If you can't find one premier tackle target high in the draft, you saturate the position late. Dallas' draft board had some highly rated prospects, but once Mike Iuputi and Maurkice Pouncey were selected back-to-back at 17 and 18, the Cowboys had to turn their attention elsewhere, as their next highest OL grades came in the 3rd round.
Dallas picked RT Sam Young in the 6th and added two priority free agents in Virginia's Will Barker and Cal's Mike Tepper. On some amateur boards, Young was the lowest rated of these three. Bunting had Barker as the 10th best offensive tackle prospect on his final board and had Tepper in that spot until down-grading him late. Tepper made an instant impression at Dallas, showing a strong punch out in drills.
The usual caveats apply. These guys did not work in pads and they didn't have to square off against Anthony Spencer or Demarcus Ware. That said, a player who can jolt an opponent with his hands can be very effective in the run game, so add Tepper to your watch list. If those heavy hands show in scrimmages, Dallas may have another UFA find. Even if Tepper proves a bit slow off the edge, that punch could still forecast as a Kevin Gogan-type guard.
My early forecast has Young, Barker and Tepper as backup RT options 1A, 1B and 1C. One of them should do enough to displace incumbent Pat McQuistan. If Ciskowski is really on his game, Dallas will get a backup for Marc Colombo and a practice squad guy.
The Cowboys gave more than lip service to claims they considered ILB a top need. With Sean Lee and Jason Williams, Dallas has now invested two of its highest '09 and '10 picks on guys to play in the pivot. Lee is a lock to make the team. The question from a unit perspective is whether he or Williams will stay healthy enough and produce enough to make Bobby Carpenter superfluous?
Another need which went unfilled. The Cowboys tend to find their corners very high (Newman and Jenkins are 1st rounders, and Orlando Scandrick and his 3rd round grade dropped to the 5th in '08. The odds are heavily against Jamar Wall, but I will be very happy to see Mr. Wall prove me very wrong.
If you take the late rounds seriously, and given Dallas' late draft and after-hours success the last six years, I think we should, the Cowboys did in fact target most of the spots on their list.
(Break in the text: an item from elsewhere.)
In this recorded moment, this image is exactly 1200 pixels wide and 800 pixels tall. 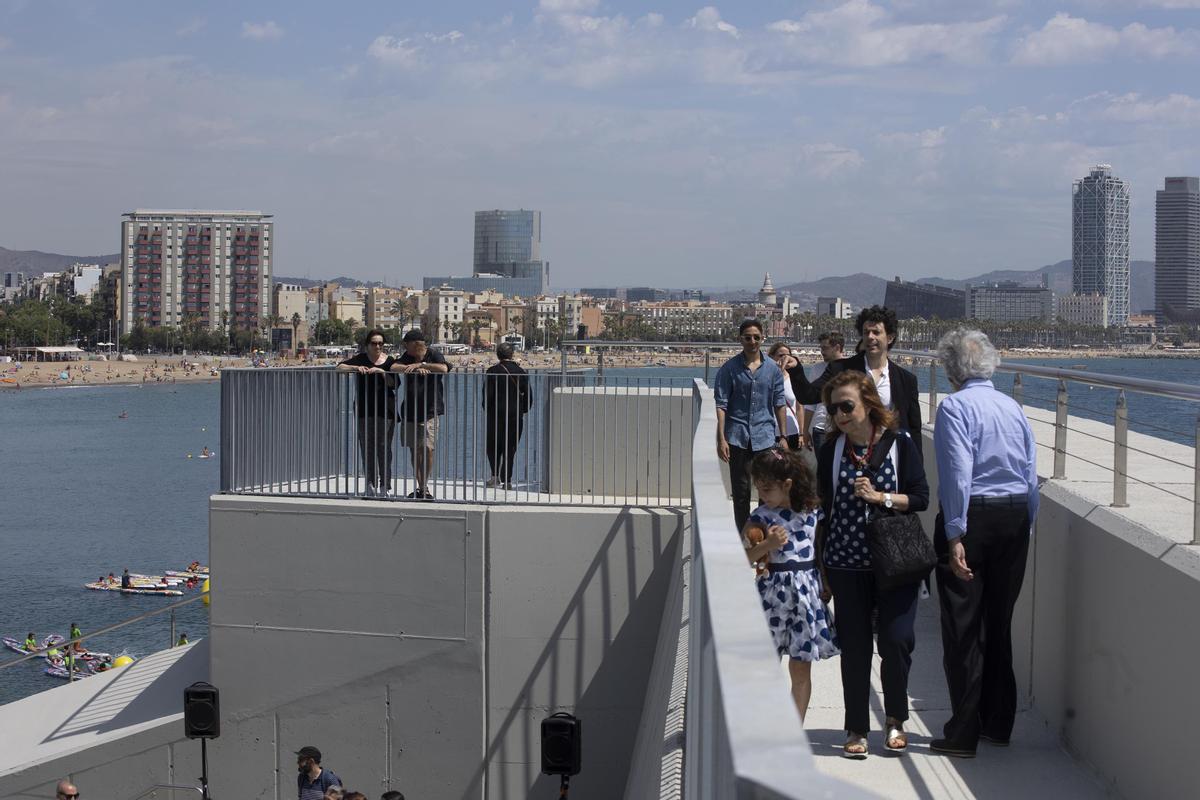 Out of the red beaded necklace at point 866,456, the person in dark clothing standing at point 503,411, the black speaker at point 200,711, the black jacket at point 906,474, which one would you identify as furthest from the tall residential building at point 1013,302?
the red beaded necklace at point 866,456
Center and guard went wanting but the Cowboys will have competitors for nose tackle, inside backer, safety, corner, right offensive tackle, fullback and receiver.
Given the priorites, I re-iterate that 2011 should see those two interior line spots and cornerback atop the Cowboys' shopping list. The Cowboys didn't want to let 35 year old Keith Brooking get old without a quality prospect on hand, but now they enter 2010 with the 32 year old Terence Newman, Leonard Davis, Kyle Kosier, Andre Gurode and Marc Colombo as the elder statesmen on the starting 22.
In the present, note how the Cowboys appear ready to edge out the career backup types off their roster. Pat Watkins, Pat McQuistan, Bobby Carpenter, Junior Siavii, Sam Hurd and Deon Anderson have been on the roster four or more years and have never challenged to be every down players.
Note that these guys form the core of Dallas' special teams. When you track the rookie challengers profiled here at camp and especially in the preseason games, see how they play on the special teams. Their progress covering kickoffs and punts will determine whether the Hurds, Andersons and McQuistans remain or whether they no longer serve as any-down players for the Dallas Cowboys. Joe DeCamillis molded the vets into very effective coverage groups. He's happy to add the return skills Dez Bryant and Owusu-Ansah bring, but I doubt he'll want to rip those coverage teams apart unless the new guys show they can do the job.